**Task**
Keep the pictures out. Copy every line of the listing exactly.

**Material for this task**
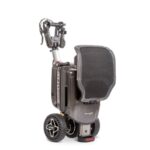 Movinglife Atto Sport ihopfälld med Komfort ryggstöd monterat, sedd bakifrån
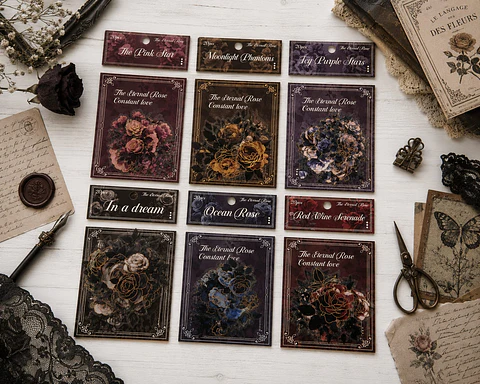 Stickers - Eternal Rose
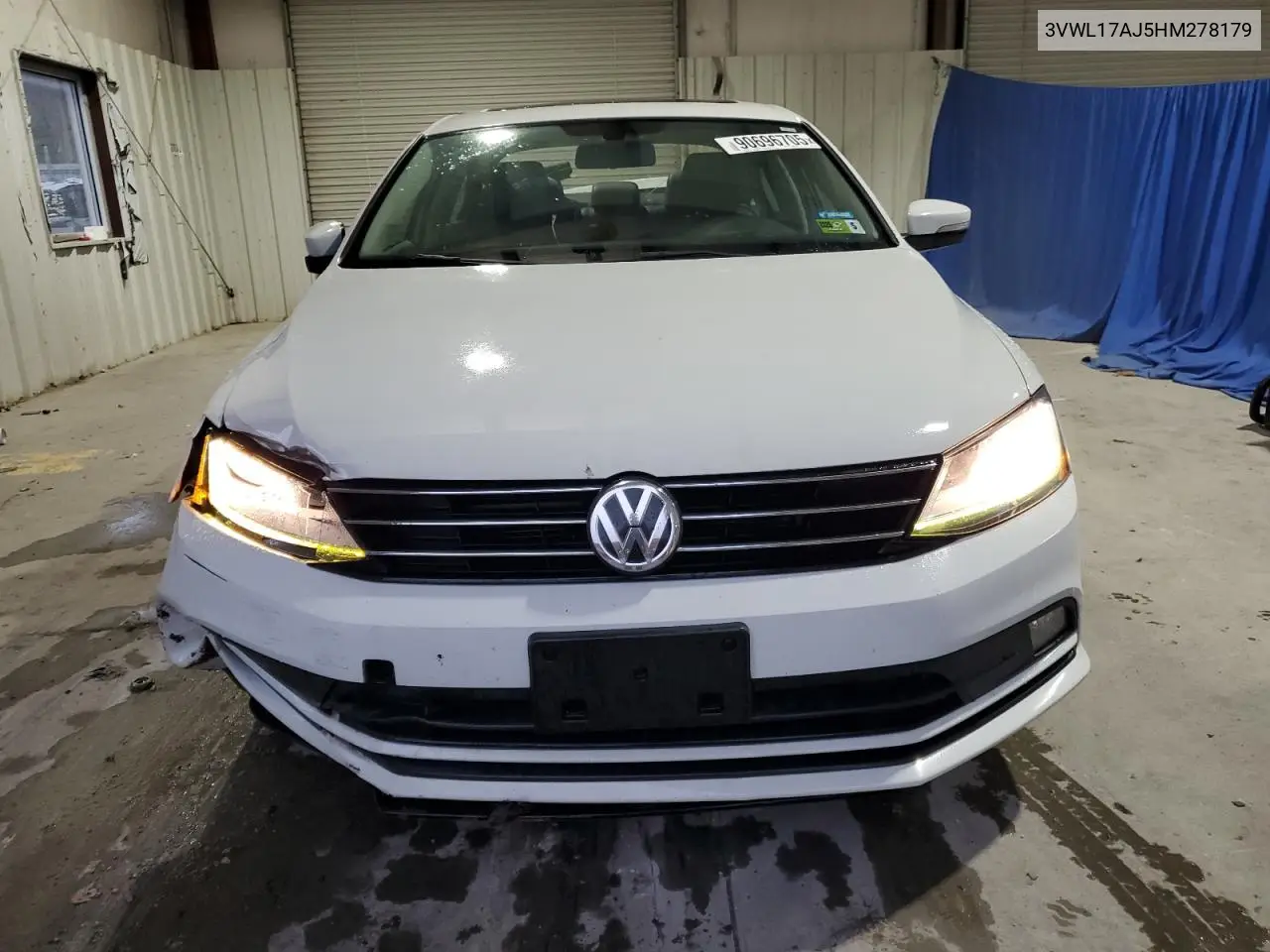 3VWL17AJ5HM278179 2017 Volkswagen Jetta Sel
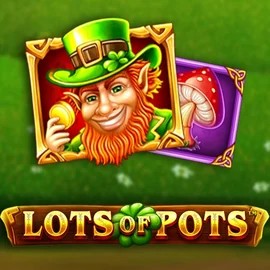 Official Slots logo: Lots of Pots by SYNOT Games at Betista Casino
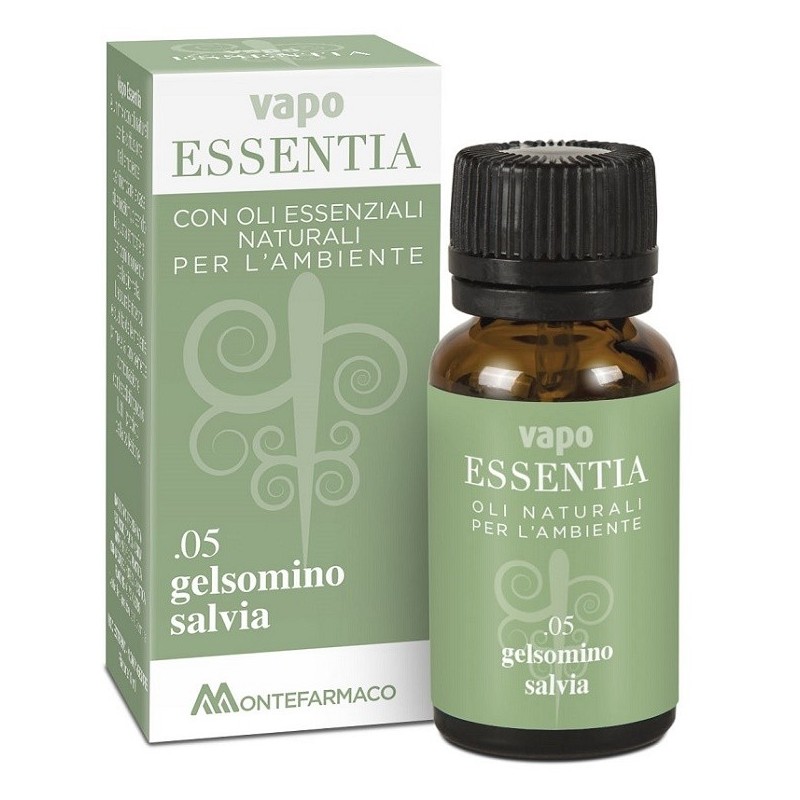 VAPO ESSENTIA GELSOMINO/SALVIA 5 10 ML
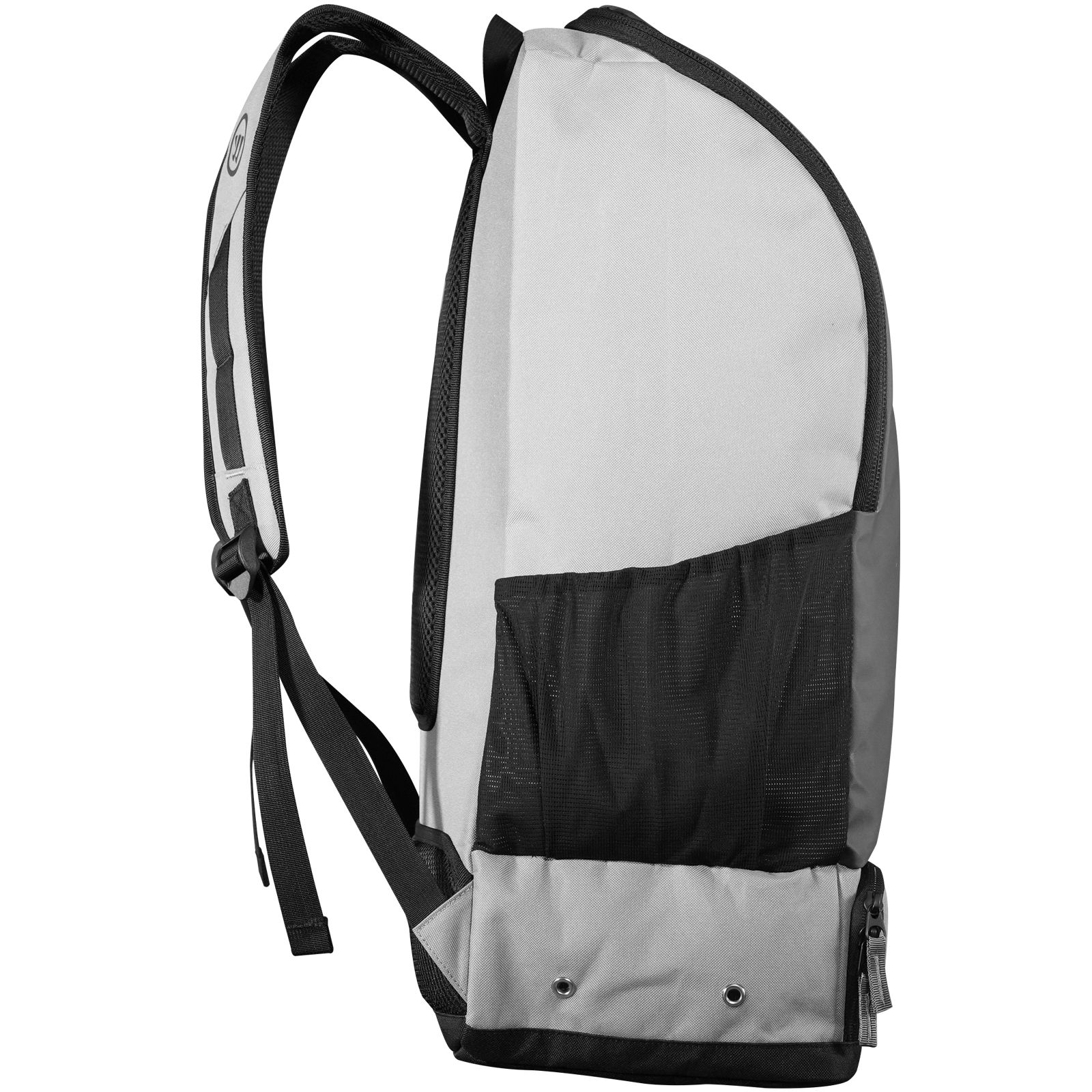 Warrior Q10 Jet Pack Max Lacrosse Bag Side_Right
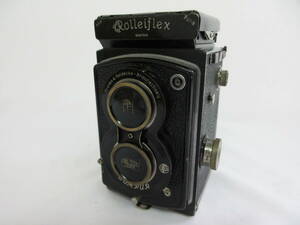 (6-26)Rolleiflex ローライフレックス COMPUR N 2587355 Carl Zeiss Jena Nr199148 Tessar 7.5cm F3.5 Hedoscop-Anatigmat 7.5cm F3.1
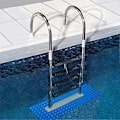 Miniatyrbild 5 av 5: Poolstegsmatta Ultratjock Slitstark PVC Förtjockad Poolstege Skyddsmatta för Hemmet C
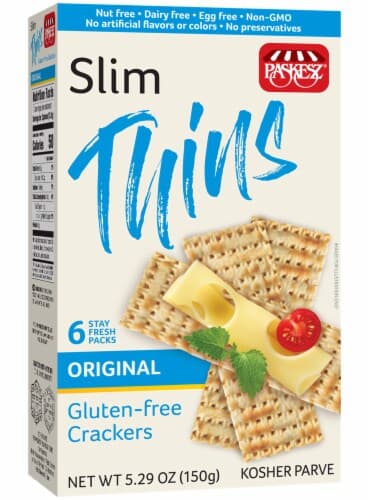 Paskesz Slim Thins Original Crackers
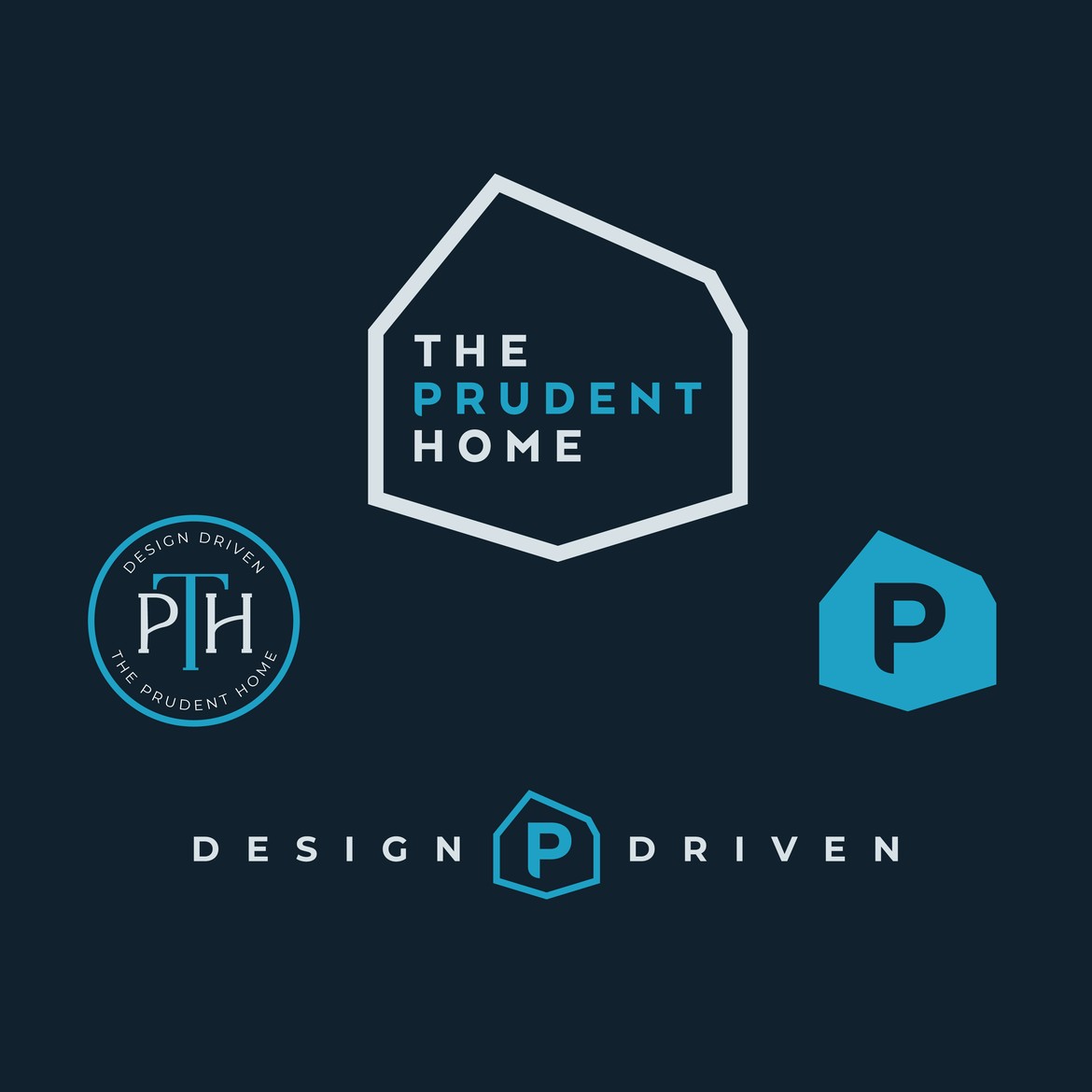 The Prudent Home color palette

**Output below**
 Movinglife Atto Sport ihopfälld med Komfort ryggstöd monterat, sedd bakifrån
 Stickers - Eternal Rose
 3VWL17AJ5HM278179 2017 Volkswagen Jetta Sel
 Official Slots logo: Lots of Pots by SYNOT Games at Betista Casino
 VAPO ESSENTIA GELSOMINO/SALVIA 5 10 ML
 Warrior Q10 Jet Pack Max Lacrosse Bag Side_Right
 (6-26)Rolleiflex ローライフレックス COMPUR N 2587355 Carl Zeiss Jena Nr199148 Tessar 7.5cm F3.5 Hedoscop-Anatigmat 7.5cm F3.1
 Miniatyrbild 5 av 5: Poolstegsmatta Ultratjock Slitstark PVC Förtjockad Poolstege Skyddsmatta för Hemmet C
 Paskesz Slim Thins Original Crackers
 The Prudent Home color palette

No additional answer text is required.